Dans l’ouvrage Mater la meute (éditions LUX), la professeure de sociologie Lesley J. Wood observe la dérive progressive de l’action policière au Canada et aux États-Unis vers une tendance de plus en plus militarisée et agressive.
D’entrée de jeu, la sociologue Lesley J. Wood avance la thèse que le néo-libéralisme entraîne la militarisation de l’action policière et affecte le travail de la police de deux manières distinctes. Cette idéologie la force à justifier son existence et à assurer une norme d’efficacité. La police faisant partie intégrale de l’État, elle se voit passer dans le tordeur de la saine gestion et du management.
Parallèlement, en s’attaquant à la couverture sociale de l’État, le néo-libéralisme encourage l’appauvrissement et la marginalisation sociale, qui à leur tour alimentent les mouvements sociaux. Mater la meute devient alors l’argument coup-de-poing pour justifier les dépenses.
Selon Wood, les divers services policiers n’agissent pas en vase clos et la mondialisation facilite leur militarisation. À la suite du sommet de l’Organisation mondiale du commerce (OMC) à Seattle en 1999 et à l’émergence de mouvements altermondialistes, les corps policiers ont réorganisé leur gestion des manifestations en se fondant sur le savoir extérieur.
Les sources d’expertise se multiplient : associations de chefs de police, congrès et organismes de recherches, auxquels s’ajoutent lobbys et firmes de consultants privés. On échange et on magasine les bonnes pratiques d’autrui.
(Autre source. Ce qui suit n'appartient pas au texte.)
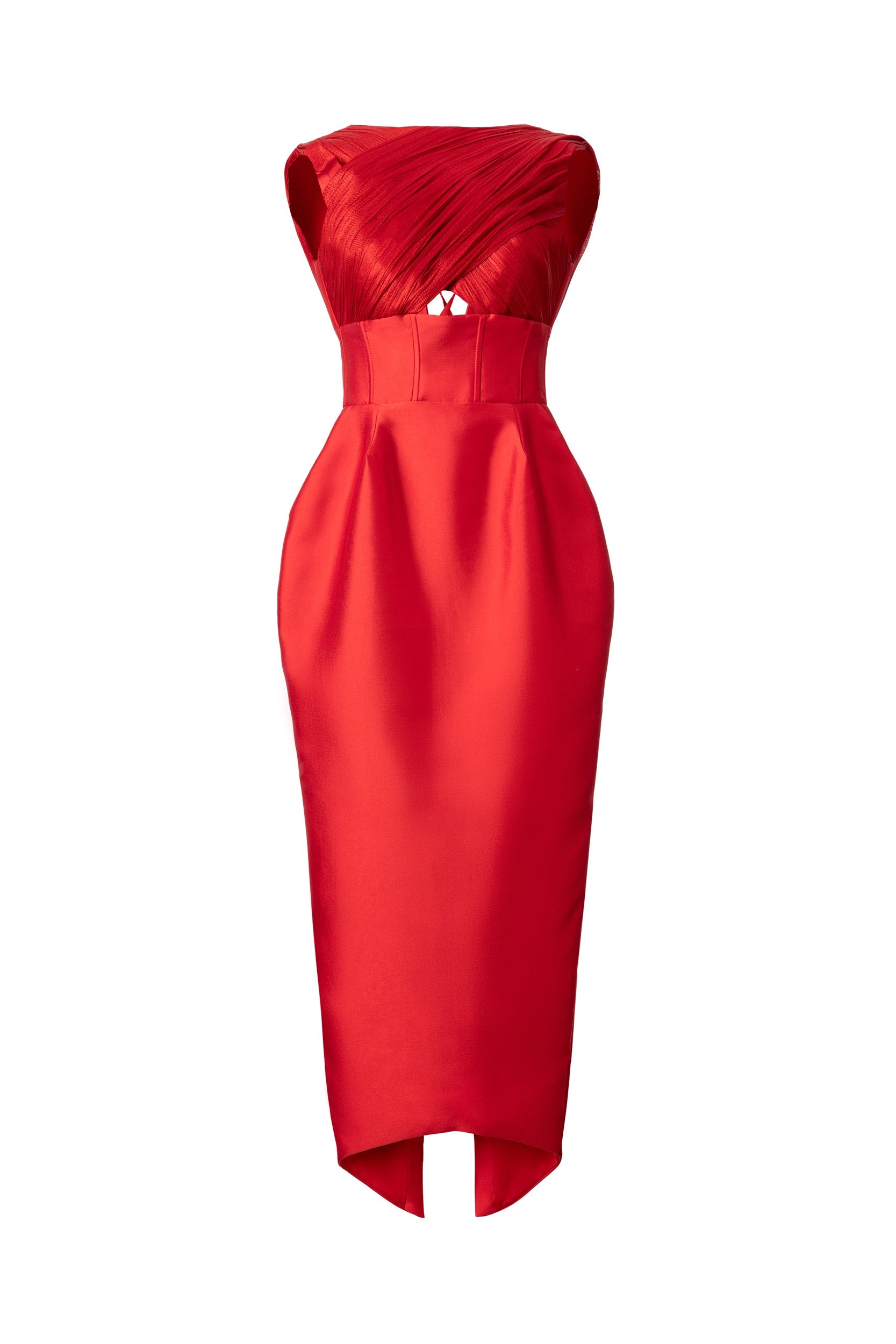 DRAPED TOP BALOON MIDI DRESS Araftu Couture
Se maintenir à la fine pointe de la technologie étant une preuve d’efficacité, l’achat compulsif de nouveaux gadgets devient paradoxalement une justification en soi du financement de l’État.
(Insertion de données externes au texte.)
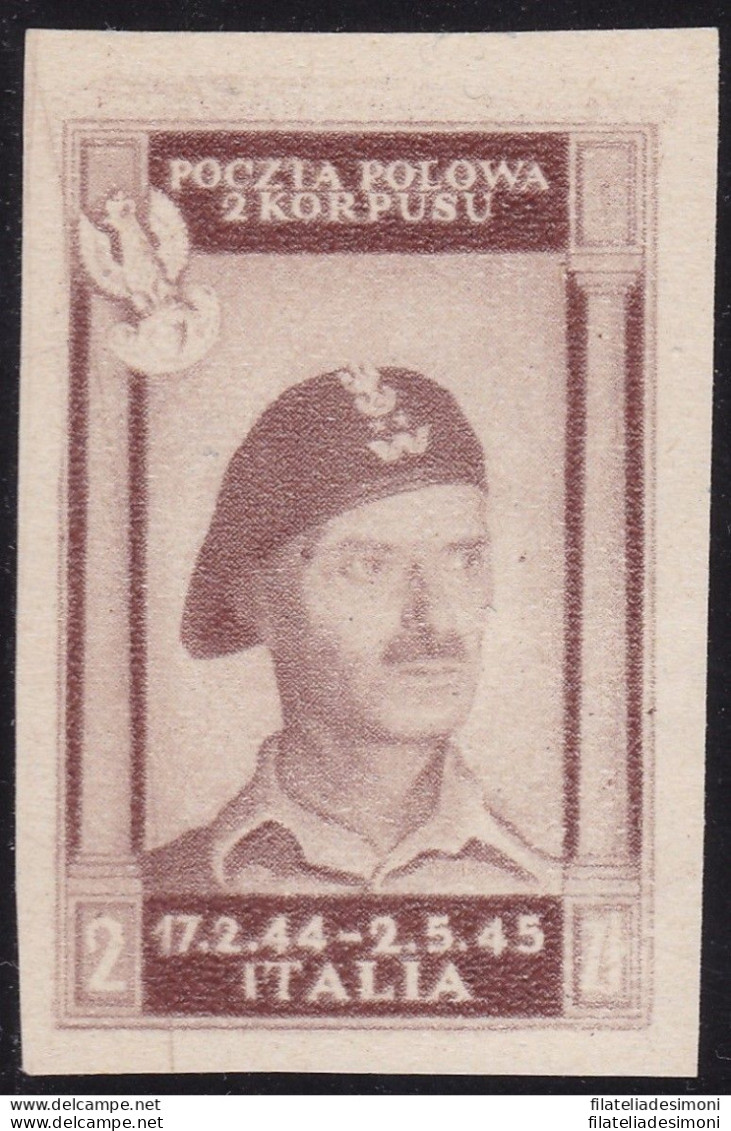 1946 CORPO POLACCO, N° 8Bb 2z. Bruno Cioccolato Chiaro CARTA SPESSA (*) - 1946-47 Période Corpo Polacco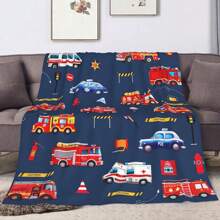 Kid Blanket Fleece Blanket Throw For Boys Girl- Blanket -Cute Small Soft Truck Toddler Throw Blanket,Kids Blanket For Birthday Gift - Fire Truck Red - View 5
L’ère de la neutralisation stratégique
Lesley J. Wood soulève l’avènement d’une nouvelle stratégie de gestion des manifestations : la neutralisation stratégique. Cette nouvelle pratique repose sur un objectif fondamental : neutraliser la menace avant qu’elle ne se concrétise. Par l’usage de collecte de renseignements, les forces policières vont évaluer le potentiel de dérangement d’un évènement donné, afin de prévoir son évolution. Sur les lieux de la manifestation, l’action policière vise l’isolement des manifestants.
À l’ère de la neutralisation stratégique, l’intervention n’est donc pas causée par le crime, elle le présume et le devance. La souricière devient alors l’exemple le plus frappant d’une pratique qui musèle la parole avant même qu’elle ne soit exprimée.
Policier et manifestant : une barrière étanche
En entretenant des mythes sur l’action militante et en privilégiant une vision manichéenne de la manifestation, les forces policières entretiennent une barrière étanche qui sépare le eux du nous, le bien du mal. Wood appelle à sa déconstruction graduelle, invitant les militants à dépasser le « A.C.A.B. »* afin de mieux saisir la réalité policière.
Ni démons, ni pions, les corps policiers répondent aux impératifs du néo-libéralisme et sont mués par leurs valeurs et leur vision de la manifestation. Comprendre l’action policière nécessite de l’aborder comme le résultat d’un système qui mute et se mondialise. C’est ce que Lesley J. Wood accomplit avec brio.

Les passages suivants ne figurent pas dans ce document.